I dont know if yall remember, but gracie was thumping really loud one night and we couldn't figure out why. The next morning, we found out that the neighbors house had been egged and her Romney signs stolen out of her yard. Rabbits are great alarm systems


----------



## Ilovemyrabbit

Wow! Rabbits are amazing creatures!


----------



## Nancy McClelland

Ours always knew if there was someone in the front or any animal in the back yard--simply amazing.


----------



## cwolfec

Just another reason why I am a rabbit lover


----------



## Imbrium

Nancy McClelland said:


> Ours always knew if there was someone in the front or any animal in the back yard--simply amazing.

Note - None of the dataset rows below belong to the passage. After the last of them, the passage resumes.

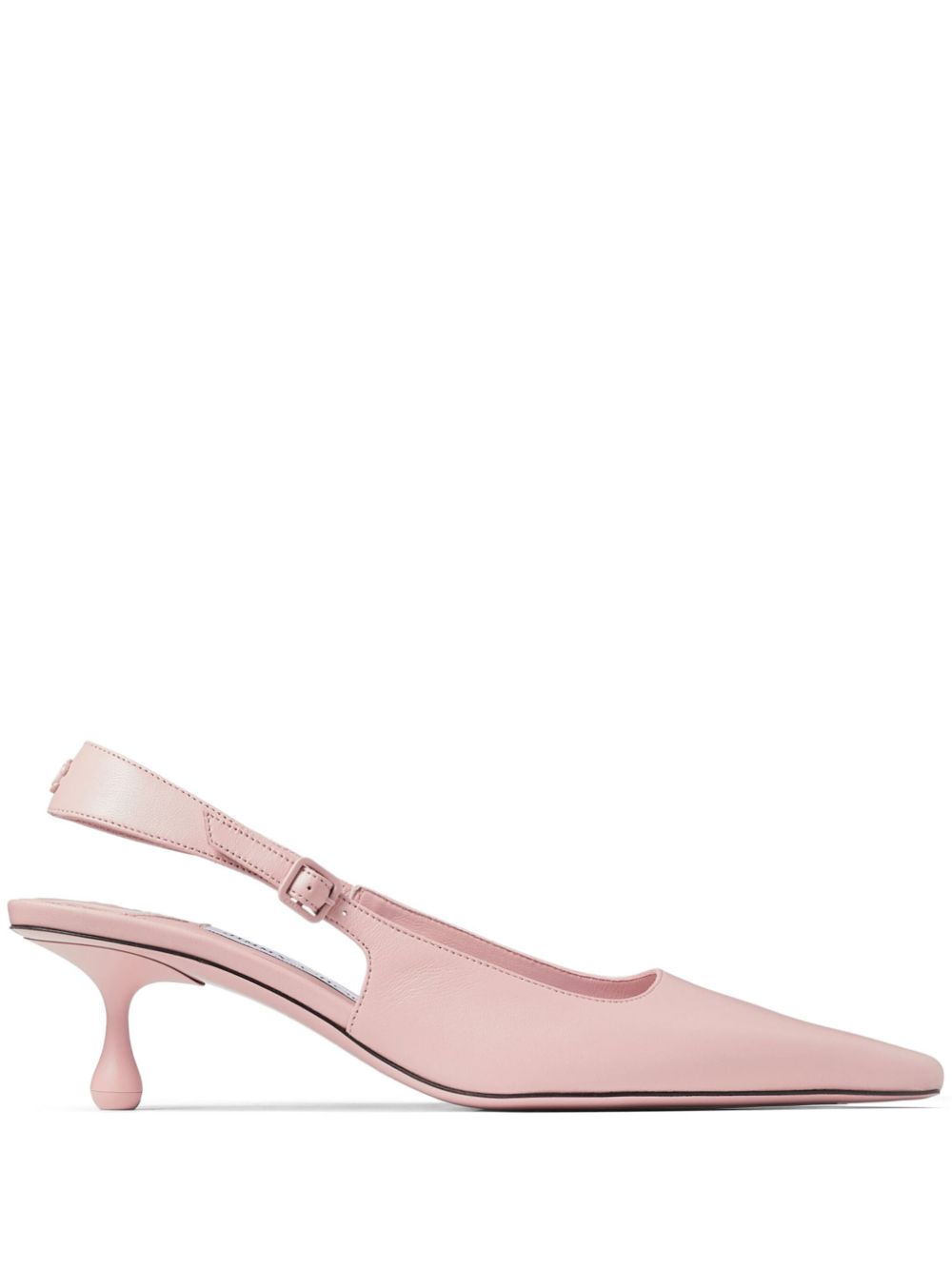 Jimmy Choo Amel 皮质中跟鞋 - 粉色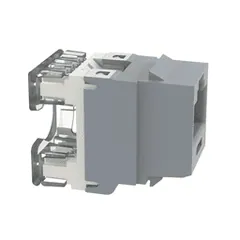 Panduit NKP5E88MIG Cat 5e UTP RJ45 Punchdown Keystone Jack Module, International Gray — Cavi e fili industriali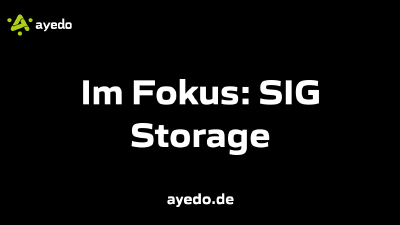 Im Fokus: SIG Storage
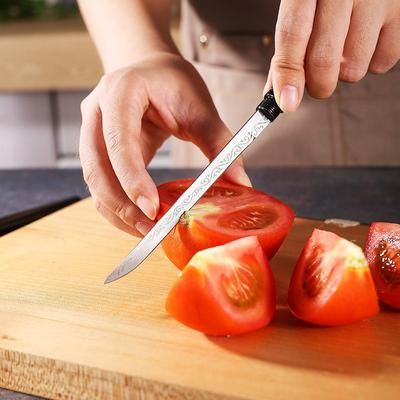 Ganzstahl-Bully-Stick, Obstmesser, Teemesser, Steakmesser, Outdoor-Camping-Werkzeug, Messer, Allzweckmesser, Kochzubehör für den Haushalt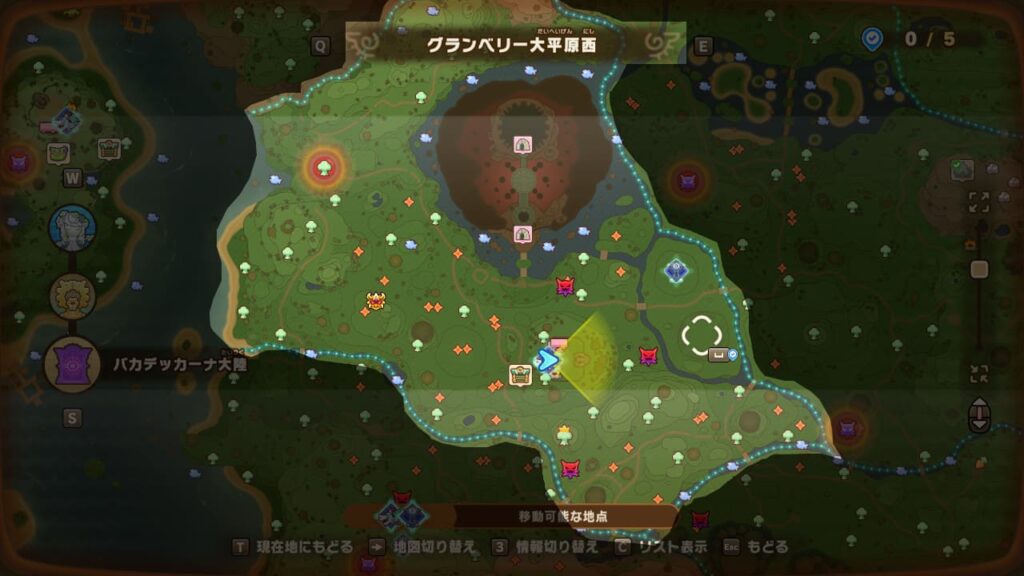 地図-グランベリー大平原西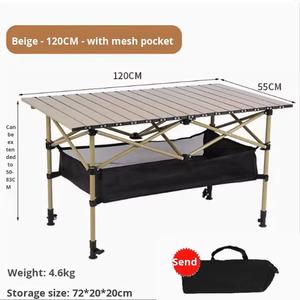 Petite <span class=keywords><strong>table</strong></span> de levage pour extérieur en aluminium, rétractable, portable, pour <span class=keywords><strong>camping</strong></span>-<span class=keywords><strong>car</strong></span>, rouleau d'oeufs, marché de nuit - Product Image 5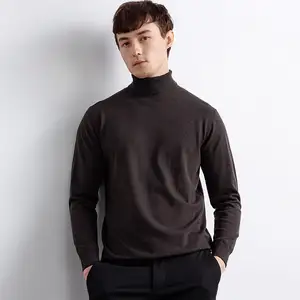 फ़ैक्टरी लागत मूल्य आधुनिक कैज़ुअल बुना हुआ स्वेटर सॉलिड स्वेटर बुना हुआ ऊनी स्वेटर टर्टलनेक पुरुषों का स्वेटर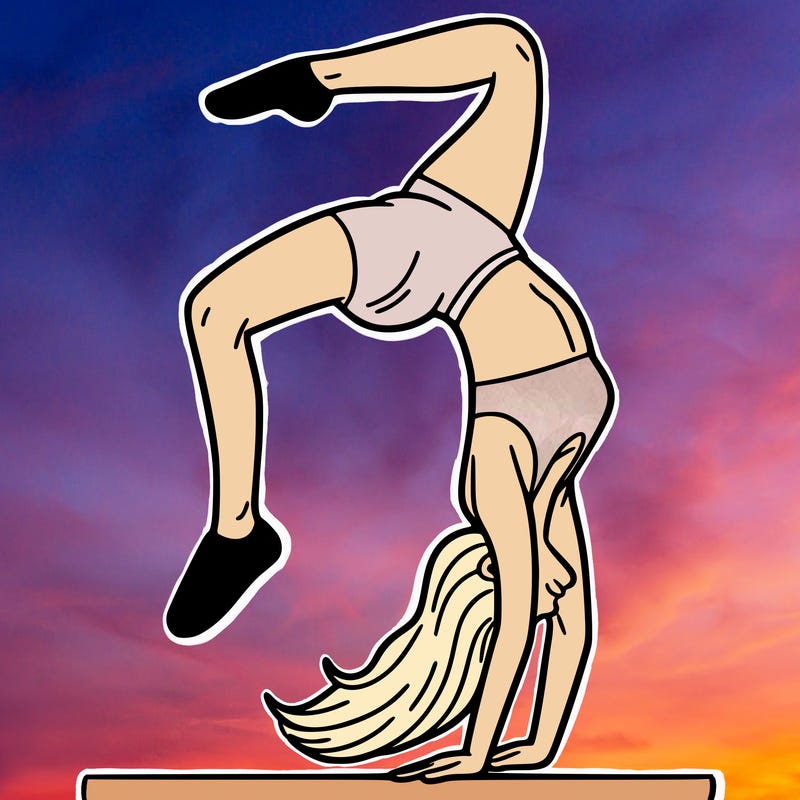 woman doing backflip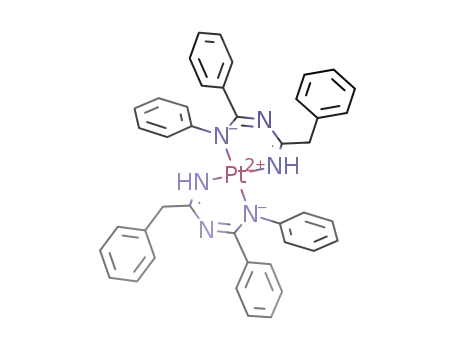 [Pt(NH=C(CH<sub>2</sub>Ph)NC(Ph)=NPh)2]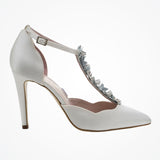 Sahara floral ivory t-bar shoes - Liberty in Love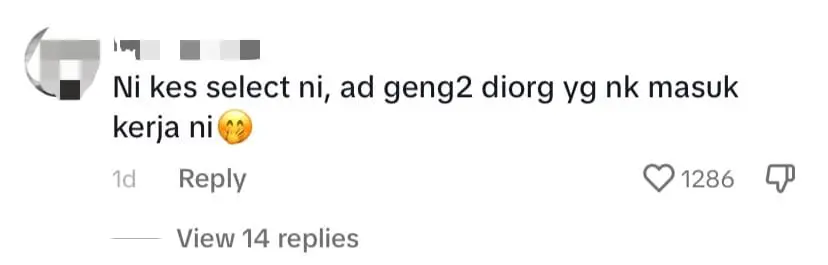 M'sian Woman Gets Fired After Just 1 Day Of Work, Slams Company For Accepting Her In The First Place - comment 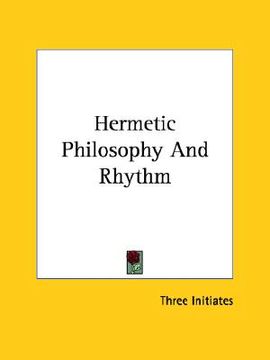 portada hermetic philosophy and rhythm (en Inglés)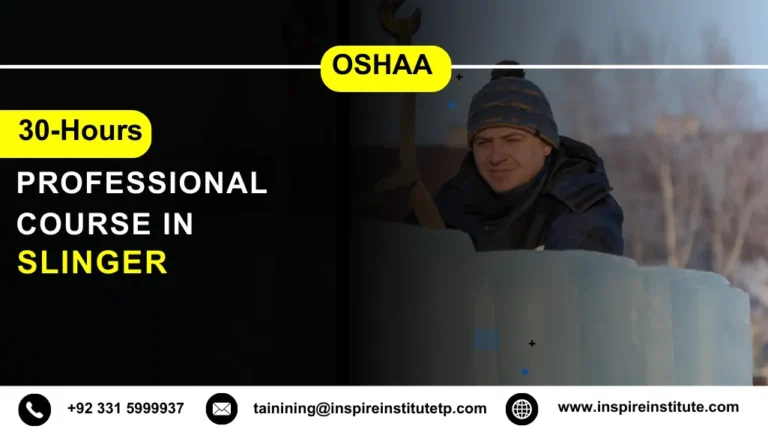 OSHAA Slinger Professional Course 30 Hours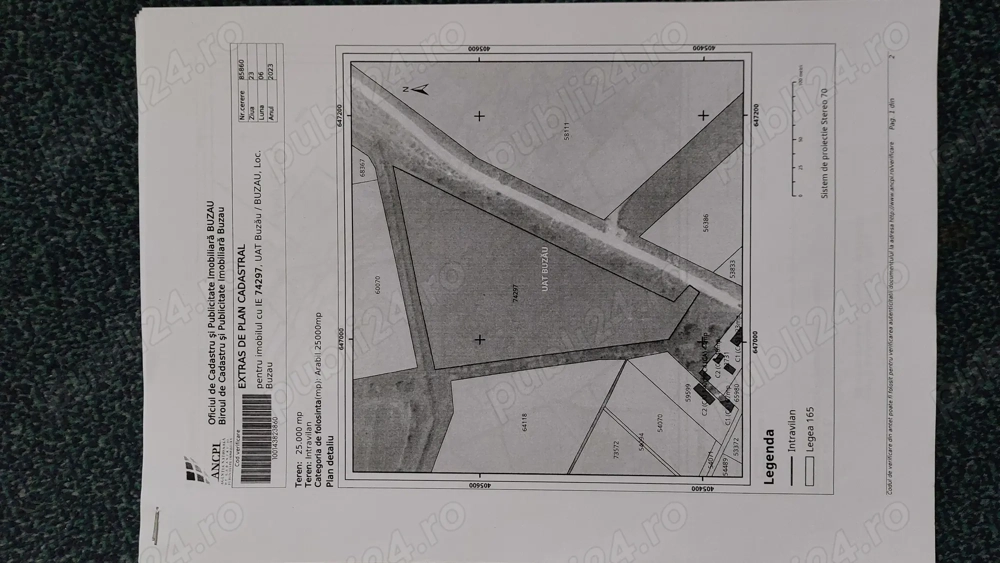 teren de vanzare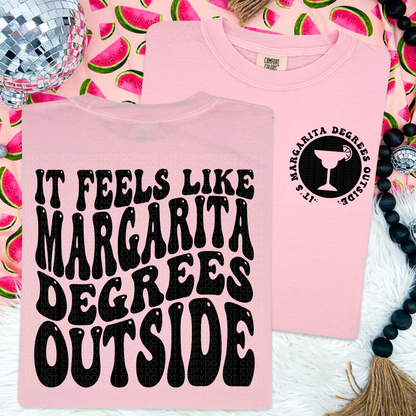 It Feels like Margarita Degrees Outside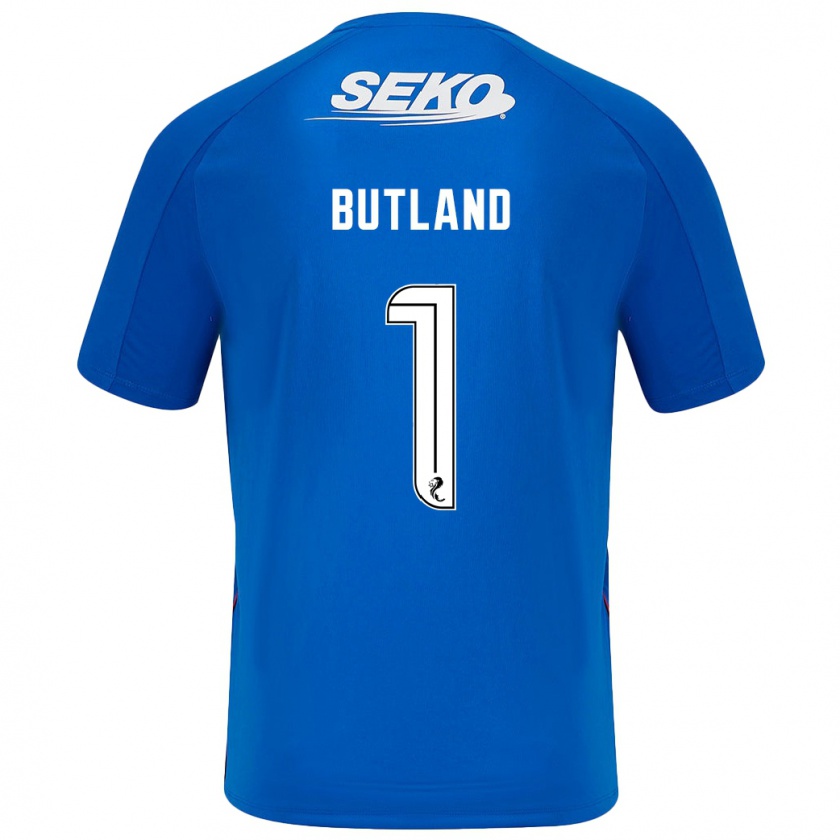 Kandiny Férfi Jack Butland #1 Sötétkék Hazai Jersey 2024/25 Mez Póló Ing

mine are oblivious... thank god, too, with all the packages I've been having delivered lately!


----------



## Katielovesleo3

Haha that was funny! What a good rabbit!!!


----------



## WhyMista

That is pure awesome.


----------



## coco_puffs

I've never seen a rabbit that big! Also, they stole wedding invitations. They should be looking for someone opposed to the wedding!


----------



## MILU

Great story, thenks for posting!!!


----------



## MILU

I mean "thAnks for posting" 

My mother was here to see a man who fixed our washing machine, and said Bilém bit him. Good thing, as he charged us more than he should. He had given an estimate for a certain service, but had to do something much simpler and still charged us the same.. 
Go Bilém, go!!!! hahahah


----------



## bunnyluvns

Hahaha! Too funny!


----------



## PaGal

I can entirely imagine that happening. When we go to bed we turn out all the inside lights but one which we turn down low as it is on a dimmer. Just enough light for us to see by f we would need to get up for some reason. This doesn't happen often but when it has the buns have thumped.


----------



## @rabbitmummy

Just shows they're very intelligent.... Wish my bunny could do that&#128516;


----------



## MILU

Great article!


----------



## randikittybun

That's so cool! I hope all her belongings were returned


----------



## dempsey

amazing! thank you for the article


----------



## HiddlesKenway

My buns pick things up before my dogs or cats do! Be sure that if someone is getting to close to home all thirteen of them will start thumping and the dogs will bark and cats will growl! We definitely always know when something sus is going on as we have the perfect alarm system.


----------